The USMCA (United States-Mexico-Canada Agreement) is up for its first six-year review in July 2026. Trump has signaled he may not renew it, claiming the U.S. doesn't need Canadian or Mexican goods. But experts warn this could backfire — especially for Canadian oil exports.
What's at stake for Canadians
Canada exports billions of dollars in crude oil to the U.S. every year. Much of it goes to Midwest refineries that are designed to process heavy Canadian crude. If Trump imposes tariffs on that oil:
- Canadian oil producers would see lower profits
- Layoffs could follow in Alberta, Saskatchewan, and Newfoundland
- Investment in Canada's energy sector would likely drop
- Gas prices for Canadian drivers could rise
The impact wouldn't stop at the pump. A USMCA exit could disrupt supply chains for Canadian manufacturers and farmers, affecting everything from auto parts to agricultural products.
Who is affected
Energy sector workers — This is the most immediate risk. Alberta alone accounts for over 80% of Canada's oil production. Thousands of jobs in drilling, refining, and pipeline operations could be threatened.

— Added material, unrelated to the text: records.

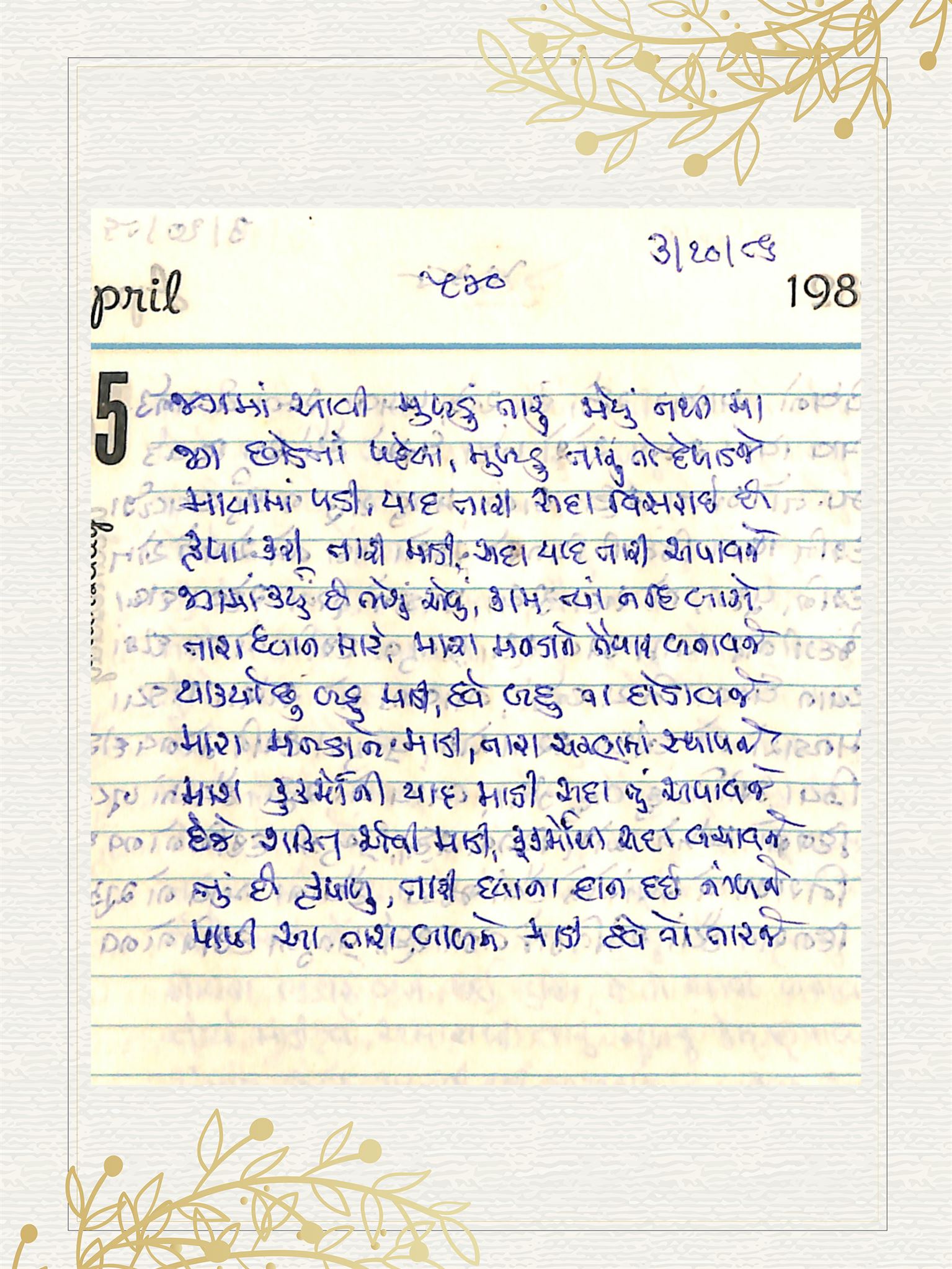 Gujarati Bhajan no. 540 by Satguru Devendra Ghia - Kaka
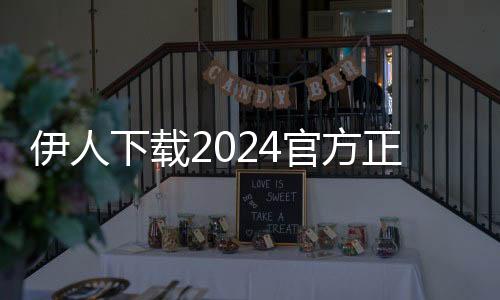 伊人下载2024官方正版 1.0.3
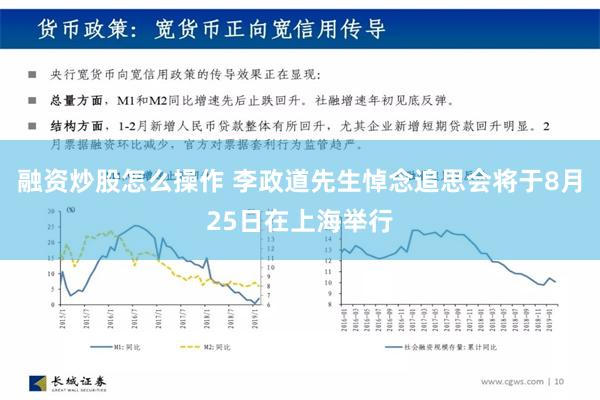 融资炒股怎么操作 李政道先生悼念追思会将于8月25日在上海举行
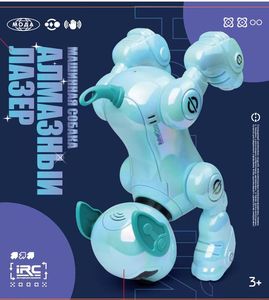 Игрушка-робот с голосовым управлением - Product Image 4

Drivers across Canada — Higher costs for Canadian oil could trickle down to consumers. Provinces like Alberta, Saskatchewan, and Newfoundland would feel it first, but price increases could spread nationwide.
Manufacturing and agriculture workers — The USMCA governs tariff-free trade for many goods beyond oil. Auto parts, lumber, dairy, and produce could all face new barriers.

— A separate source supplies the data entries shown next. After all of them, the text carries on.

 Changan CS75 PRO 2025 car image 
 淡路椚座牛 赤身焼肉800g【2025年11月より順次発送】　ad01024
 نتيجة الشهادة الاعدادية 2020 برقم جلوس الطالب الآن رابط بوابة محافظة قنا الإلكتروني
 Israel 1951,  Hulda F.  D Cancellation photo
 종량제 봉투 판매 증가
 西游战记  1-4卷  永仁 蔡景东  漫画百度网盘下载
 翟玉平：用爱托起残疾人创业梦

Small business owners — If supply chains get disrupted, costs for imported goods and materials could rise.
What you should do
Monitor trade negotiations closely. The next round of U.S.-Mexico talks is scheduled for next week. Canada's trade minister has already urged all parties to renew the agreement.
If you work in energy, manufacturing, or agriculture: Consider diversifying your income or building up your savings. Job security in these sectors could become uncertain.
Prepare for potential price increases. Gas and imported goods could cost more. Budget accordingly.
Contact your MP. Voice your concerns about protecting Canadian jobs and trade stability. Public pressure matters.
Stay informed. Follow official government updates from Global Affairs Canada and the Office of the Prime Minister.
Bottom line
Trump's threat to exit the USMCA is serious for Canada. Our oil exports to the U.S. are vital — and tariffs would hurt Canadian producers, workers, and drivers. The July 2026 review deadline is still two years away, but negotiations are already heating up. Canadians should watch closely, prepare for possible price increases, and make their voices heard.